DATASET CONTENT below:
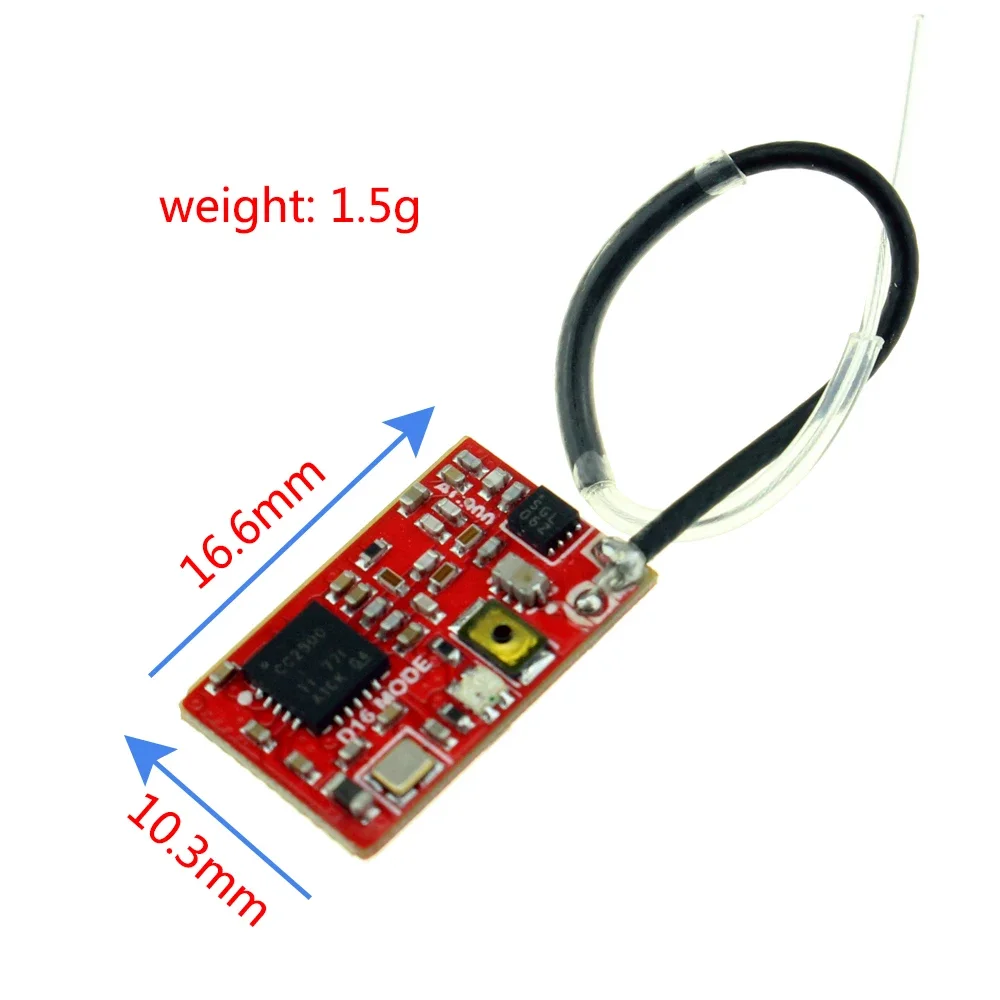 

Мини-приемник AC900 с двумя моделями, Frsky D16 с поддержкой FUTABA S-FHSS, XM Mini XM + X9D, выход приемника для радиоуправляемого квадрокоптера для гонок в помещении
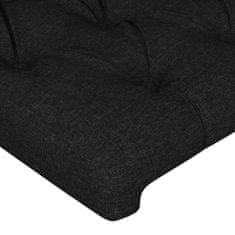 Greatstore Rám postele s čelem černý 90x190 cm textil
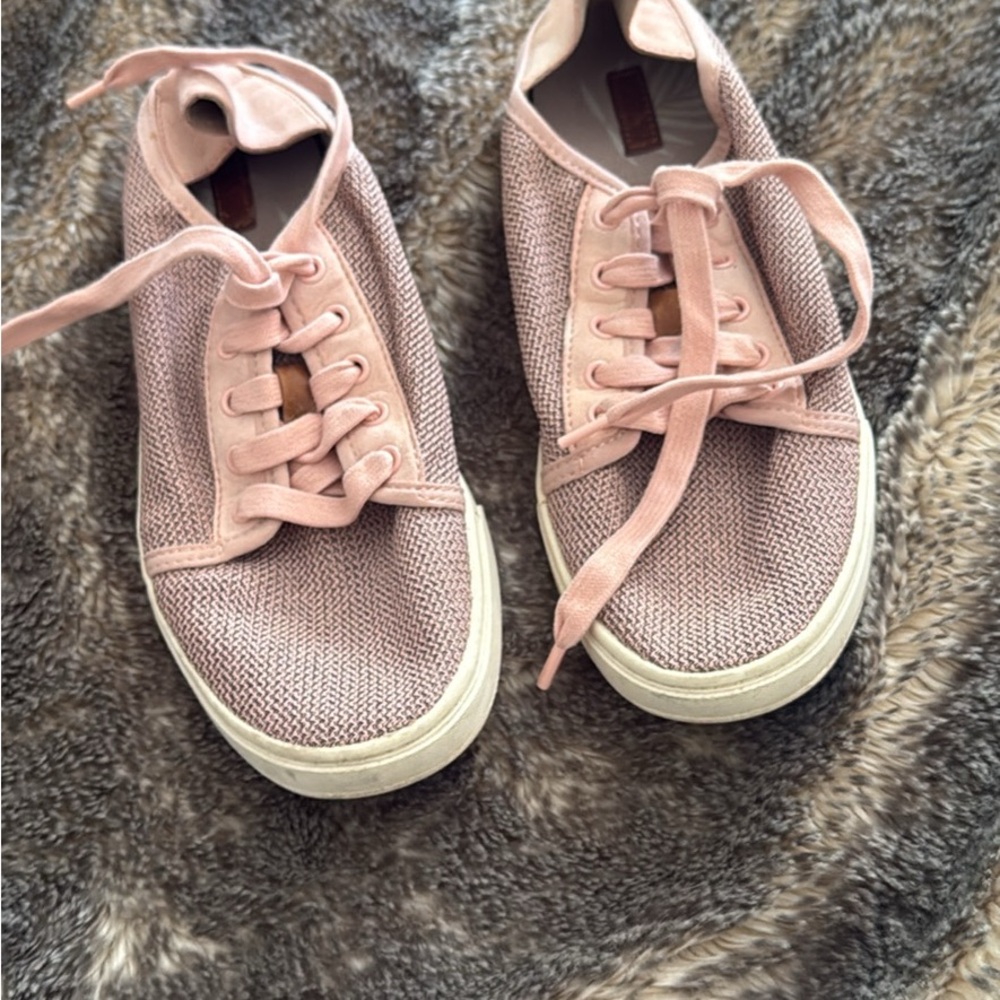 OluKai Women's Lace-Up Sneakers in Dusty Pink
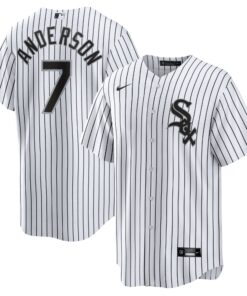 Tim Anderson Chicago White SoxHome Replica Player Jersey  White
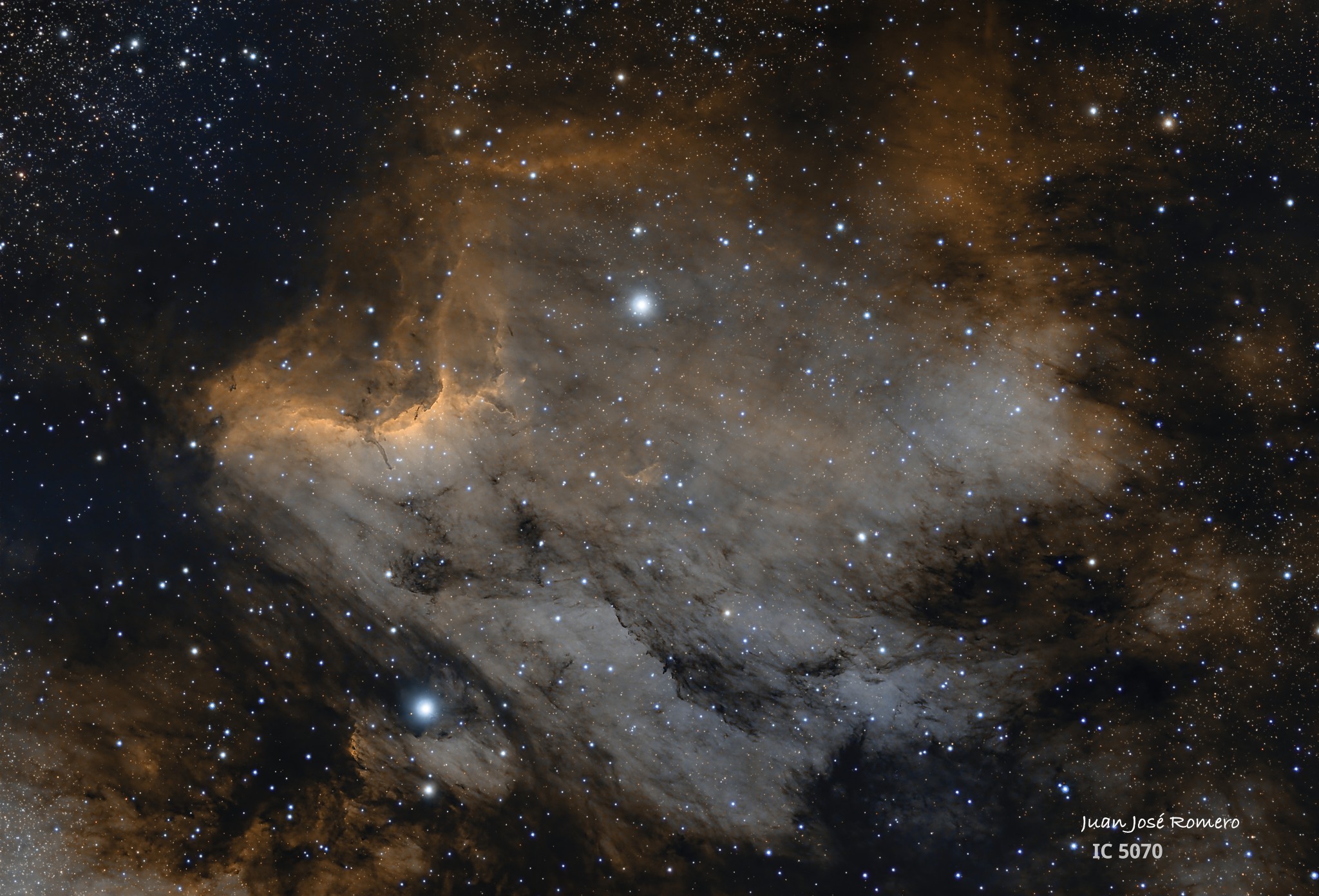 Vista complementària: IC 5070(HOO) – Nebulosa del Pelicà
End of DATASET CONTENT.
WORK REQUIRED: An exact copy of the listing is required, excluding any pictures.

RESULT OF THE EXERCISE:
Мини-приемник AC900 с двумя моделями, Frsky D16 с поддержкой FUTABA S-FHSS, XM Mini XM + X9D, выход приемника для радиоуправляемого квадрокоптера для гонок в помещении
 Greatstore Rám postele s čelem černý 90x190 cm textil
 OluKai Women's Lace-Up Sneakers in Dusty Pink
 Tim Anderson Chicago White SoxHome Replica Player Jersey  White
 Vista complementària: IC 5070(HOO) – Nebulosa del Pelicà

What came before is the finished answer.